Photography And Half-Thoughts By Mitchell Hegman

...because some of it is pretty and some of it is not.

Thursday, September 28, 2023

Licking Rocks

I am not opposed to licking a rock now and then.  My reason for doing so is much more practical than the practice of licking poisonous toads to experience a psychedelic trip.  And I am not alone in the habit of licking rocks.  In fact, an Ig Nobel prize was recently rewarded for “research” in the matter of licking rocks.

If you are unfamiliar, the Ig Nobel Prize is something of a parody of the more widely known Nobel Prize.  Ig Nobel prizes are awarded annually to celebrate unusual or trivial achievements in scientific research.

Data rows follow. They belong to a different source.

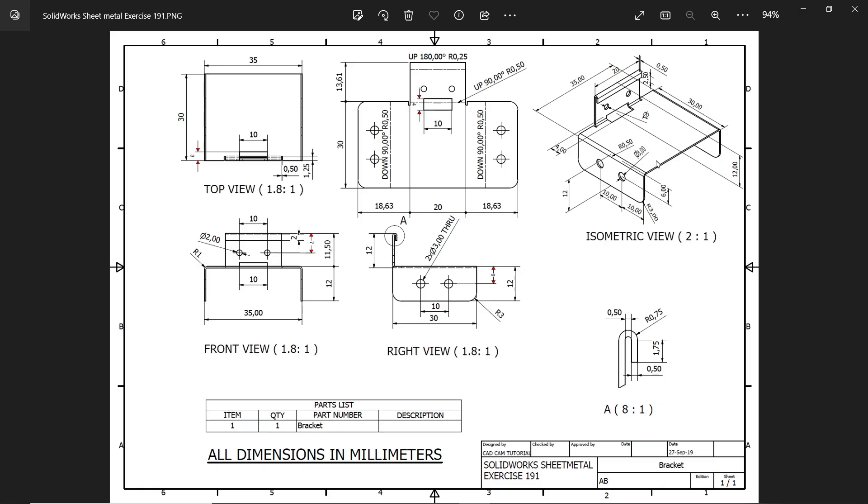Welcome back to a new exercise in SOLIDWORKS sheet metal. This is a kind of bracket in sheet metal. Let's start to make this simple bracket in SOLIDWORKS with the help of sheet metal features.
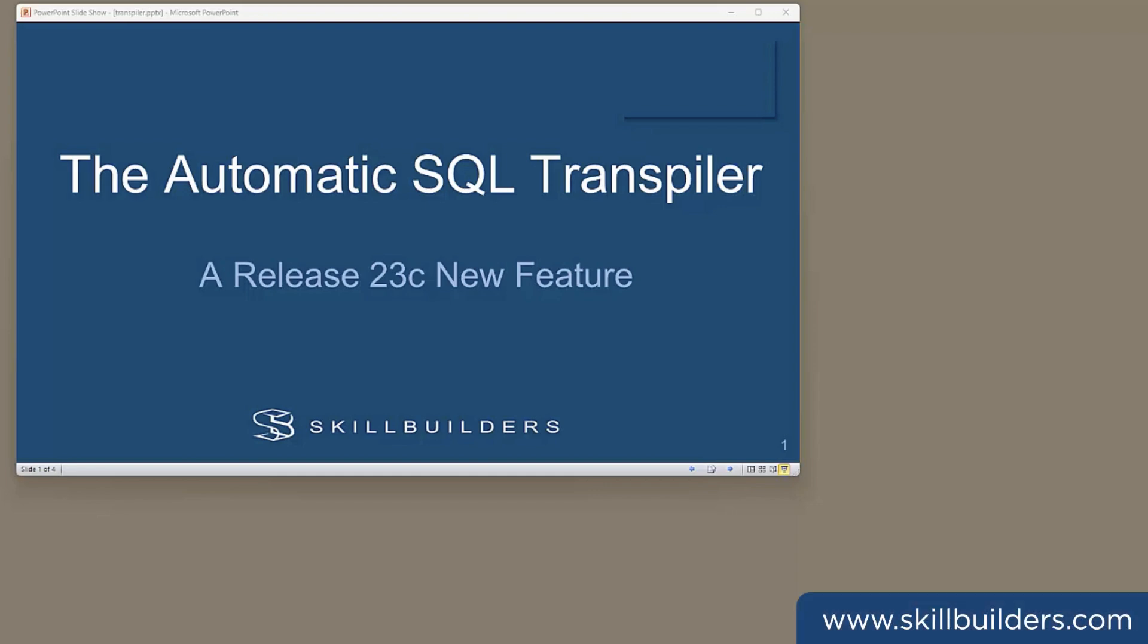Today, I want to talk about the Automatic SQL Transpiler, an interesting new feature of Database Release 23c.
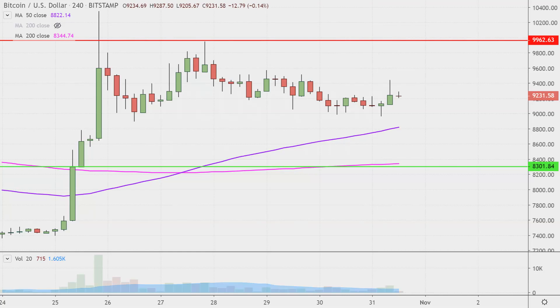So the very first question you need to ask yourself is in regards to this purple line right there, which on my chart denotes the very famous 50-period moving average. The value of that, give or take, is right around 8,800.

Among the 2023 winners was Jan Zalasiewicz of Poland who earned the chemistry and geology Ig Nobel prize for explaining why scientists like to lick rocks.  “Licking the rock, of course, is part of the geologist’s and paleontologist’s armory of tried-and-much-tested techniques used to help survive in the field,” Zalasiewicz wrote in The Paleontological Association newsletter in 2017. “Wetting the surface allows fossil and mineral textures to stand out sharply, rather than being lost in the blur of intersecting micro-reflections and micro-refractions that come out of a dry surface.”

See, that’s it.  I also lick rocks to better assess them as a specimen for my collection. And some don’t taste particularly bad.